### Extracted information
-- Opening Marker --

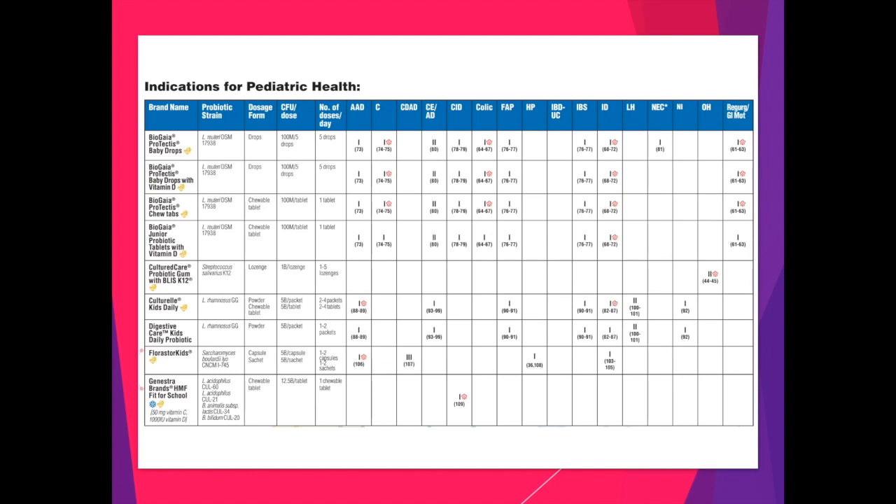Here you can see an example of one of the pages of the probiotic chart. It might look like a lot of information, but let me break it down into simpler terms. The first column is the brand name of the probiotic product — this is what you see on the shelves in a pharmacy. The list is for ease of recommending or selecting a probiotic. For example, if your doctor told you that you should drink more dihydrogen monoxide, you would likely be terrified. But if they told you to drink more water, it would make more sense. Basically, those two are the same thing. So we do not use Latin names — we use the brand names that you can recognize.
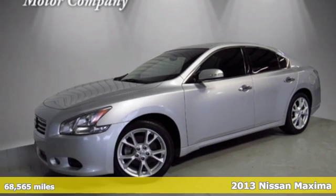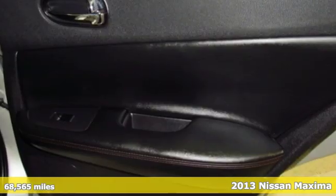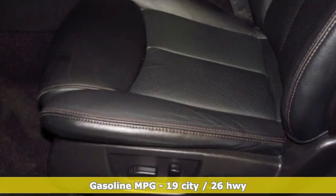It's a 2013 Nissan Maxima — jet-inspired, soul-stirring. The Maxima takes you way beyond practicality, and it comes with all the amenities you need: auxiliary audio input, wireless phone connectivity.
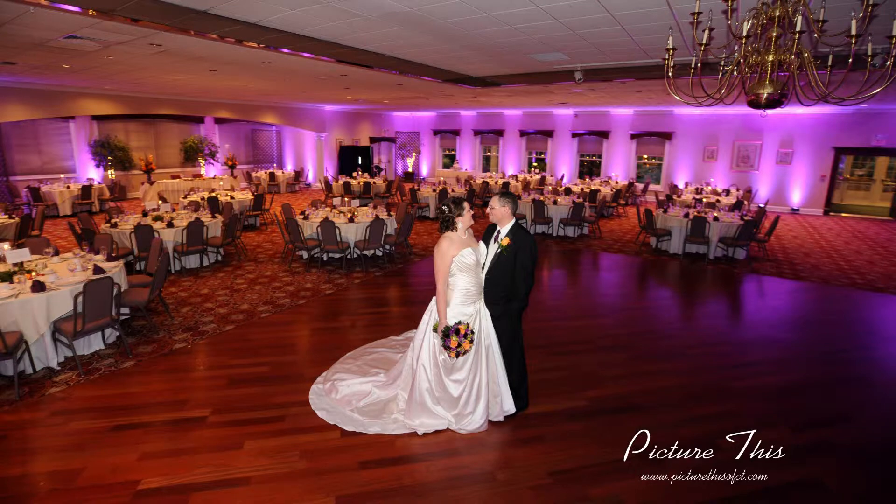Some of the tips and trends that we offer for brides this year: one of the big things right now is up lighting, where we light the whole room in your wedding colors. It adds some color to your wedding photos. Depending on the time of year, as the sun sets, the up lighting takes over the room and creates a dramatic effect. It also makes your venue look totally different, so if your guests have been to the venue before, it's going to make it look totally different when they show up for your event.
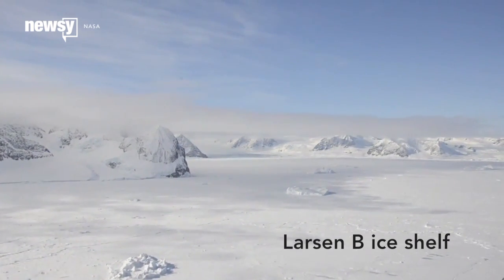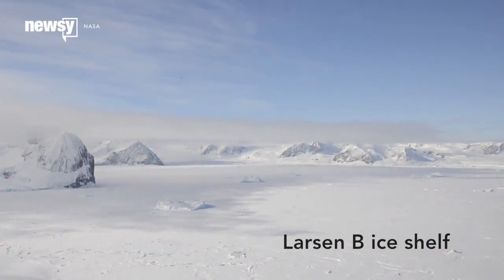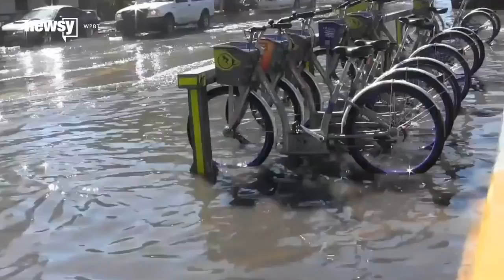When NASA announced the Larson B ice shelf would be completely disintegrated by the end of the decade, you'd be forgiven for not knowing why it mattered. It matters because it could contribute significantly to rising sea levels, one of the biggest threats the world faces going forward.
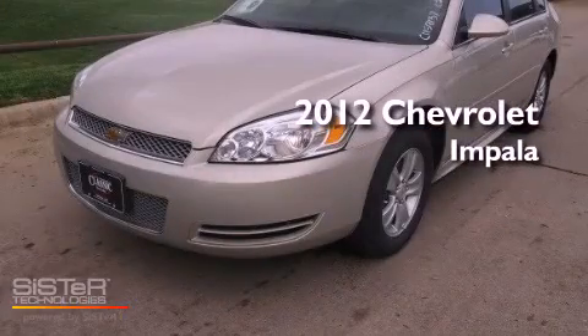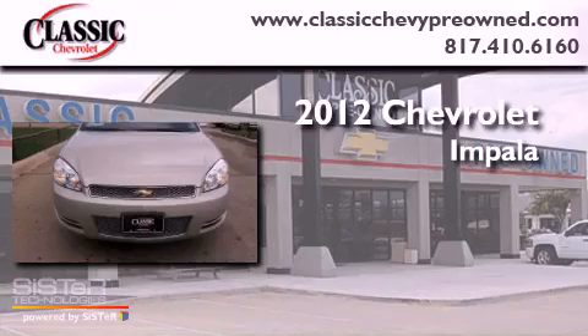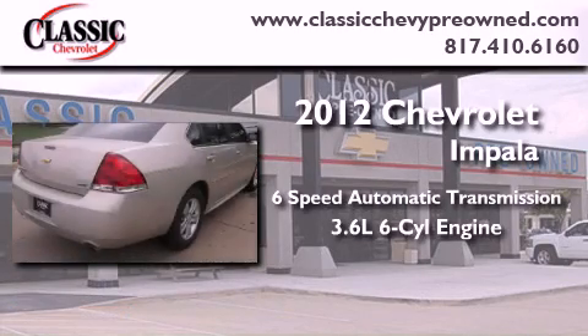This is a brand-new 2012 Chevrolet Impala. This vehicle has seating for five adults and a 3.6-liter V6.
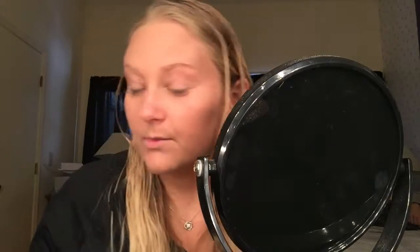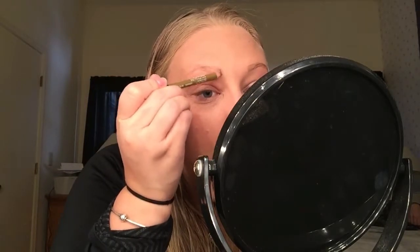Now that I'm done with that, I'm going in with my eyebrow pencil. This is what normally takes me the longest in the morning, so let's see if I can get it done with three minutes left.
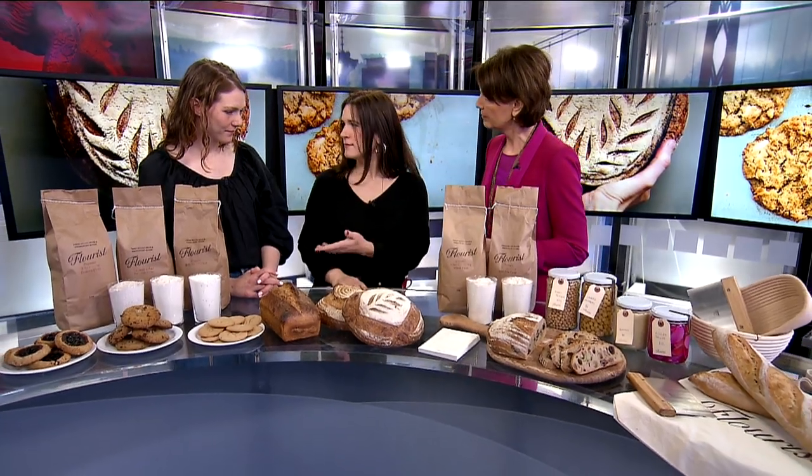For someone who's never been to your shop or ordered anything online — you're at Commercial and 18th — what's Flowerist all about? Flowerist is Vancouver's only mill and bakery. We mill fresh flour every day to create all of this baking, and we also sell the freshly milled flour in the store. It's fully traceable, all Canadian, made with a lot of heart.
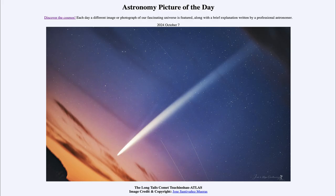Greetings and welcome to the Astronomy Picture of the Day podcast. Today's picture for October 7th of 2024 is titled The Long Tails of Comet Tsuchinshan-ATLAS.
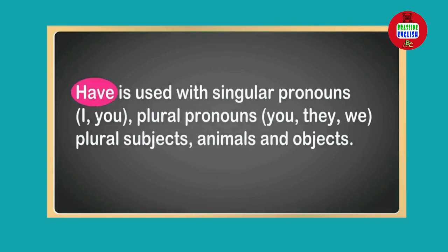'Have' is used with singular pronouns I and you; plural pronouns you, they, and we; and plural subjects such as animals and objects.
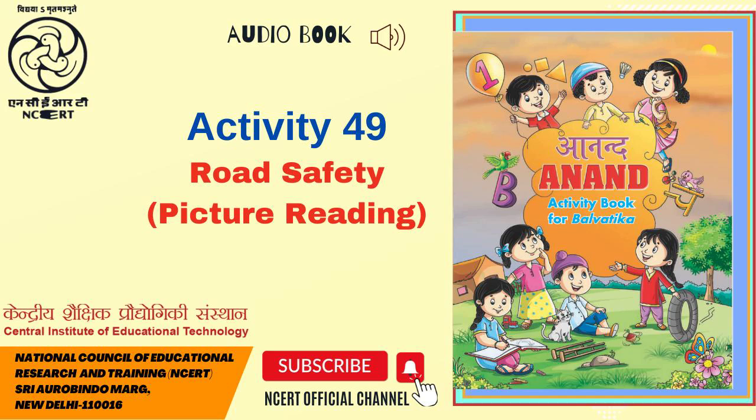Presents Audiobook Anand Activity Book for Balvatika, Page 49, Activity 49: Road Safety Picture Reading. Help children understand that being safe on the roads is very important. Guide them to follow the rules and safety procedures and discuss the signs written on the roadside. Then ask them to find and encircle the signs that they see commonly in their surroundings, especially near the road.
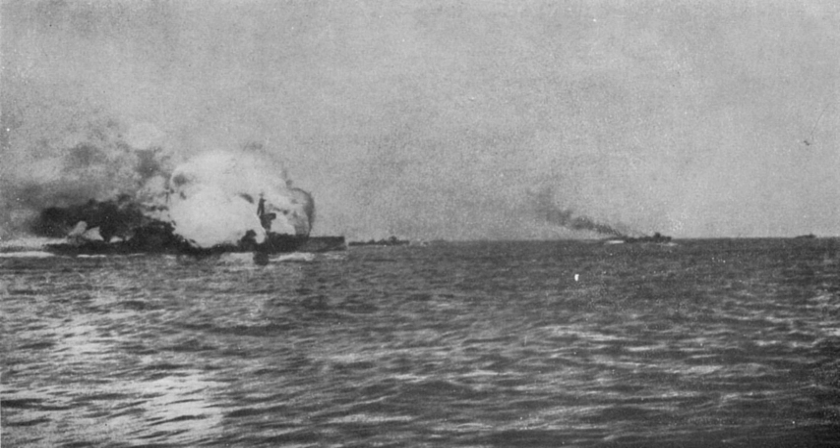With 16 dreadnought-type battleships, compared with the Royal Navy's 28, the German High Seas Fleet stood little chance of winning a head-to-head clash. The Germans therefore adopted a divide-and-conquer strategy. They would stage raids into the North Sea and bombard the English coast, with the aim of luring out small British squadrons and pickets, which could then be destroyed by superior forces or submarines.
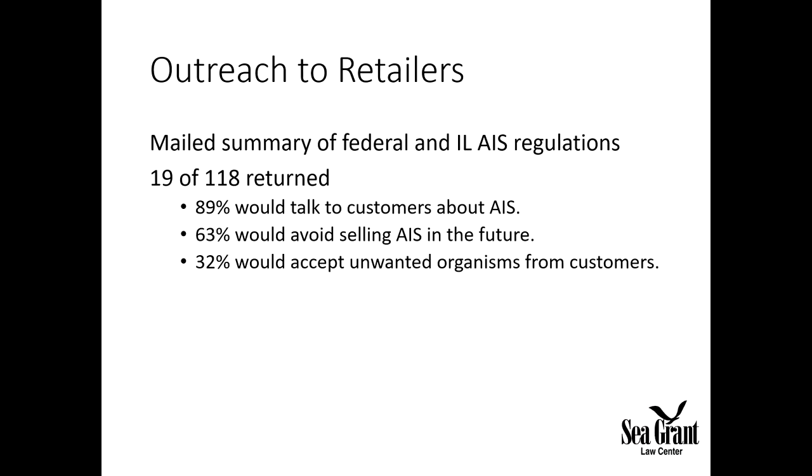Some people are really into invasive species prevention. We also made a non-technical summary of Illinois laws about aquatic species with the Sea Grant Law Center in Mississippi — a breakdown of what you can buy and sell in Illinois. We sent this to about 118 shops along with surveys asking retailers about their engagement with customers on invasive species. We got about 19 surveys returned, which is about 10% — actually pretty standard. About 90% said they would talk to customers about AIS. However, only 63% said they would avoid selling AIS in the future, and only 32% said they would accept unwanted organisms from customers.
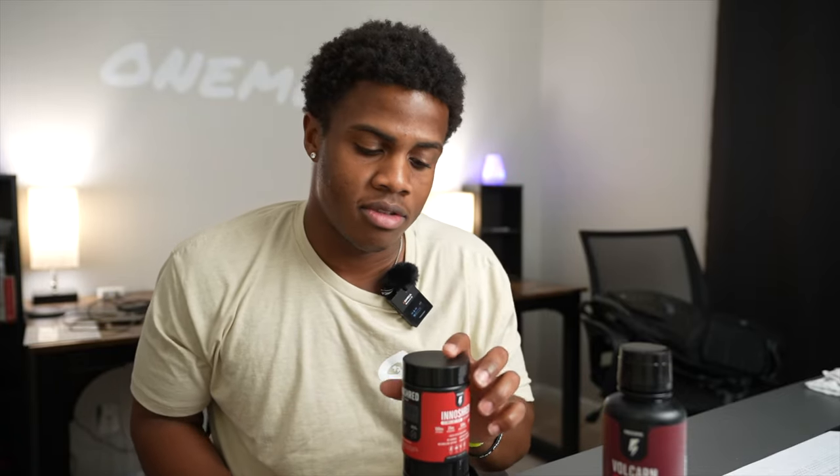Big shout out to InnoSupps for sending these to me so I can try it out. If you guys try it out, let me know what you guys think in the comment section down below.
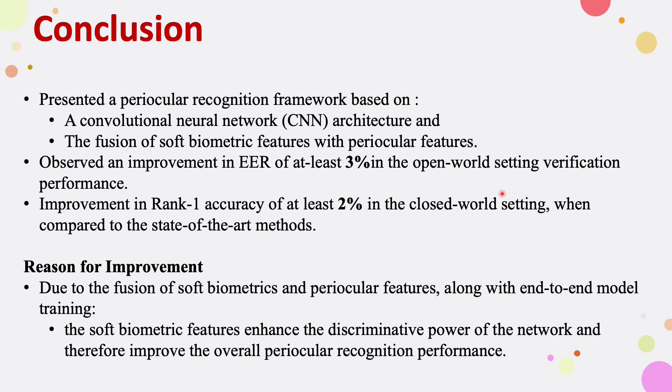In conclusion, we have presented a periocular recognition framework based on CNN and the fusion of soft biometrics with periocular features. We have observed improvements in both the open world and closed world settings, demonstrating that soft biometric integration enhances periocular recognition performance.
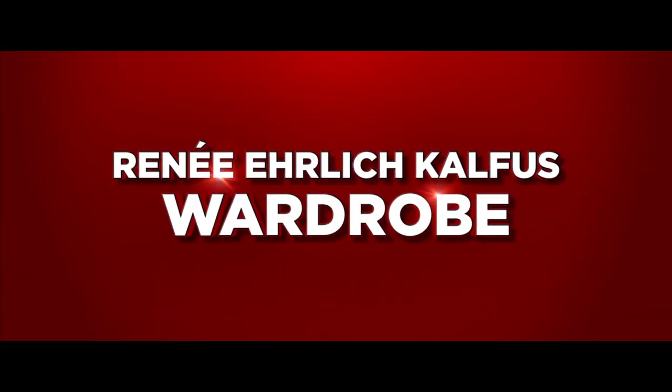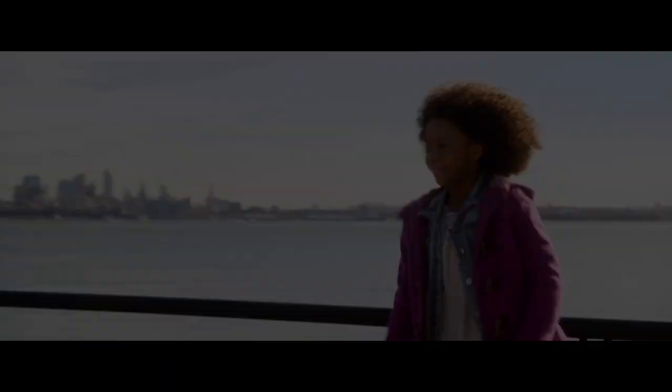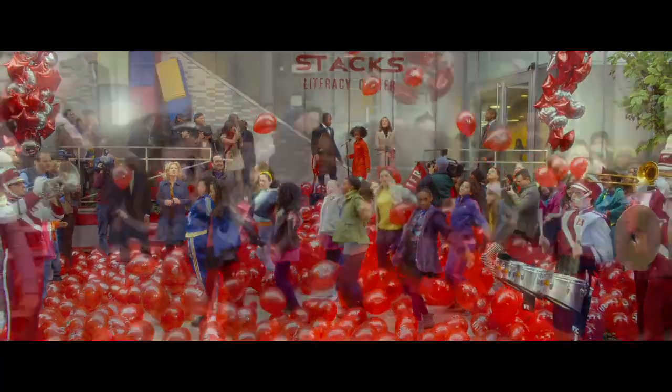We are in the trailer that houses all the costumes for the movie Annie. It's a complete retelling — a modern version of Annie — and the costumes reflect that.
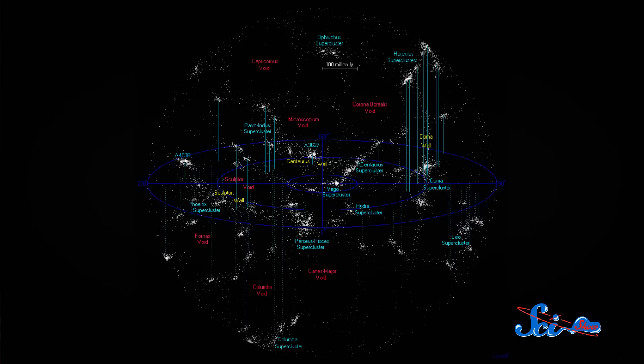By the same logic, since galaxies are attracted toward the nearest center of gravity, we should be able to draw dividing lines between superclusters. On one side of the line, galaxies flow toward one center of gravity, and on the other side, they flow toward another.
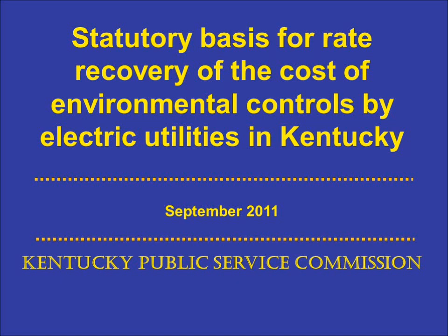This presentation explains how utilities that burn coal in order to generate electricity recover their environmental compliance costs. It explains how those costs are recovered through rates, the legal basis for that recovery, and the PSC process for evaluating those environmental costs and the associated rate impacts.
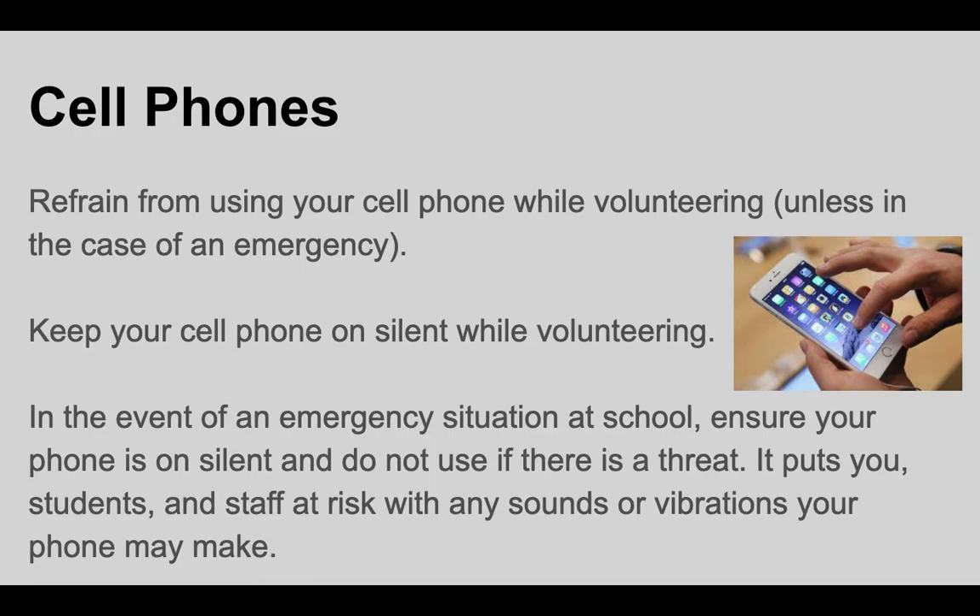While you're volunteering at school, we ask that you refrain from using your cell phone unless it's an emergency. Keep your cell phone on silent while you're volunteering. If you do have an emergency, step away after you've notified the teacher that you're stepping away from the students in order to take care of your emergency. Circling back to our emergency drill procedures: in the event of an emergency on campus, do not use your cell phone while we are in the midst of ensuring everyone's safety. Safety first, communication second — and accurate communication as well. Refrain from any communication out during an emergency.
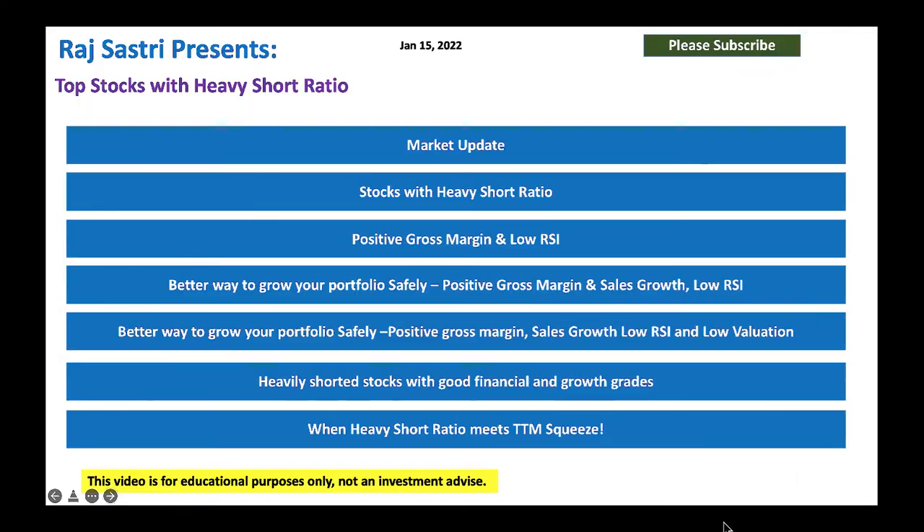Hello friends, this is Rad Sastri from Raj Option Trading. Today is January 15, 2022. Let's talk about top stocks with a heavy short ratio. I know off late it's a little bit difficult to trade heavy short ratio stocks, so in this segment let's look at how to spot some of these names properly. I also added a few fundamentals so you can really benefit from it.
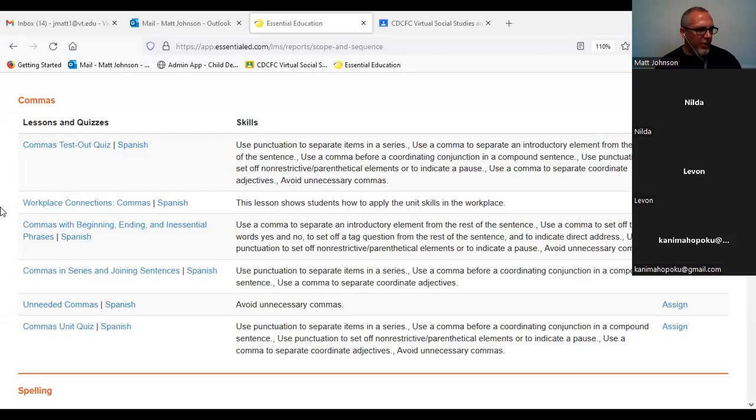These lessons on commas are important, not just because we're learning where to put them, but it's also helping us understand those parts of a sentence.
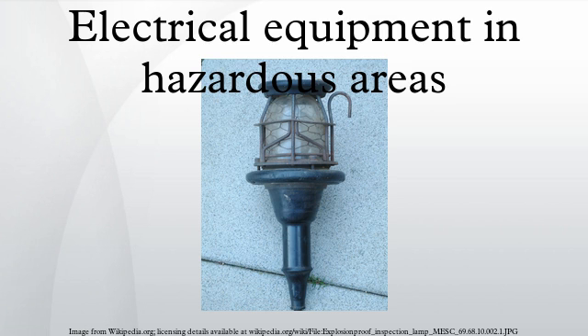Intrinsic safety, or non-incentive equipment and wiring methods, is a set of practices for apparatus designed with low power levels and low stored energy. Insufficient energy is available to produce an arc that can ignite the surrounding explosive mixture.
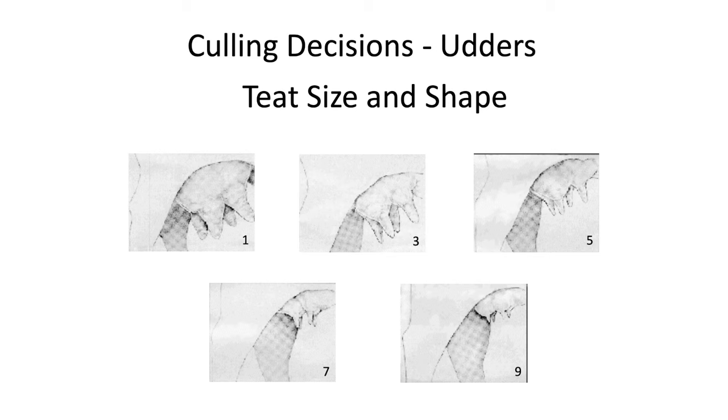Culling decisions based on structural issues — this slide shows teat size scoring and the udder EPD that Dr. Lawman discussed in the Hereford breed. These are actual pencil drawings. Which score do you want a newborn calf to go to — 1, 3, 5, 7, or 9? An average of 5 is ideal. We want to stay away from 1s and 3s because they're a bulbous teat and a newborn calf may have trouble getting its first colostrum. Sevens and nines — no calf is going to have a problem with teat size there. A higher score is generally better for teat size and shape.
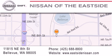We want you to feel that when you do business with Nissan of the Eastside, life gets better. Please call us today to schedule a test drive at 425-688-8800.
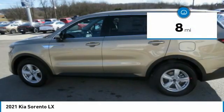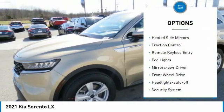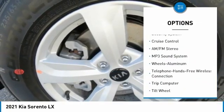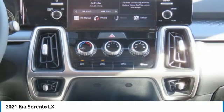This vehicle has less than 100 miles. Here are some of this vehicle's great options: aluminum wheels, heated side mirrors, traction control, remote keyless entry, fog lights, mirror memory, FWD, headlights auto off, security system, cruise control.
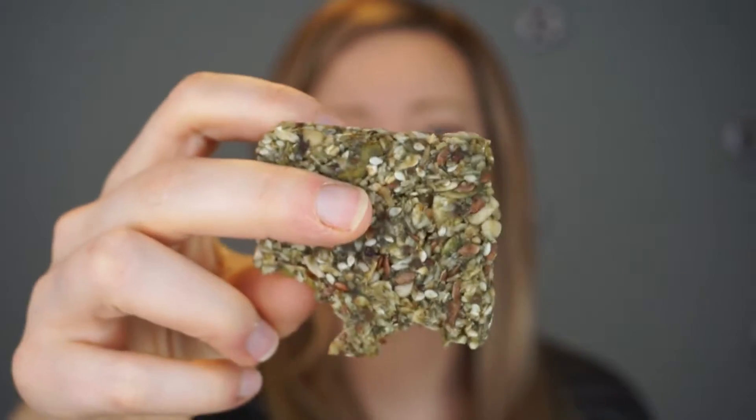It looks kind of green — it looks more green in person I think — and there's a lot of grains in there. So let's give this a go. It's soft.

-- Closing Marker --

### Task requirements
Copy word for word every line from the start of the material through the line holding "It's a 2013". The pictures are not part of the copy.

### Answer to this problem
Here you can see an example of one of the pages of the probiotic chart. It might look like a lot of information, but let me break it down into simpler terms. The first column is the brand name of the probiotic product — this is what you see on the shelves in a pharmacy. The list is for ease of recommending or selecting a probiotic. For example, if your doctor told you that you should drink more dihydrogen monoxide, you would likely be terrified. But if they told you to drink more water, it would make more sense. Basically, those two are the same thing. So we do not use Latin names — we use the brand names that you can recognize.
It's a 2013 Nissan Maxima — jet-inspired, soul-stirring. The Maxima takes you way beyond practicality, and it comes with all the amenities you need: auxiliary audio input, wireless phone connectivity.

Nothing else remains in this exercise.